[Caption-style text data]
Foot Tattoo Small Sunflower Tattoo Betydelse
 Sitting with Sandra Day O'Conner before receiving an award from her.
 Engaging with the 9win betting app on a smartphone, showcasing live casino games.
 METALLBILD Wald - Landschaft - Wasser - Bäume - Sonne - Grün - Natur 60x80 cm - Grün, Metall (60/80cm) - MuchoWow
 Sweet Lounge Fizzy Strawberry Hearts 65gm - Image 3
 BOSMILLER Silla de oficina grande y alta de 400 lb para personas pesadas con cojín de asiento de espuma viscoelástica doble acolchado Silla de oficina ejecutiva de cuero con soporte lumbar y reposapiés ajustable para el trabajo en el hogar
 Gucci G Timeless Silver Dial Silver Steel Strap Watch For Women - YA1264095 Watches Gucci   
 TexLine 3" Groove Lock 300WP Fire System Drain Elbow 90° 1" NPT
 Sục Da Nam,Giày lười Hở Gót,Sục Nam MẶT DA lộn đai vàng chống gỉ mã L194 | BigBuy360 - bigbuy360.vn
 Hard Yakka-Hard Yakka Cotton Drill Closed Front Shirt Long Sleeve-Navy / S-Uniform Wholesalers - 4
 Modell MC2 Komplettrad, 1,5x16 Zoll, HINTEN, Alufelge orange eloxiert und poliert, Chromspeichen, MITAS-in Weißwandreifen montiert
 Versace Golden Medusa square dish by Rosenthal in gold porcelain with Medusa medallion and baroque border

**EXERCISE**
Quote verbatim the line containing "Groove Lock 300WP" and every line after it through the end of the records above.

**EXERCISE OUTPUT**
 TexLine 3" Groove Lock 300WP Fire System Drain Elbow 90° 1" NPT
 Sục Da Nam,Giày lười Hở Gót,Sục Nam MẶT DA lộn đai vàng chống gỉ mã L194 | BigBuy360 - bigbuy360.vn
 Hard Yakka-Hard Yakka Cotton Drill Closed Front Shirt Long Sleeve-Navy / S-Uniform Wholesalers - 4
 Modell MC2 Komplettrad, 1,5x16 Zoll, HINTEN, Alufelge orange eloxiert und poliert, Chromspeichen, MITAS-in Weißwandreifen montiert
 Versace Golden Medusa square dish by Rosenthal in gold porcelain with Medusa medallion and baroque border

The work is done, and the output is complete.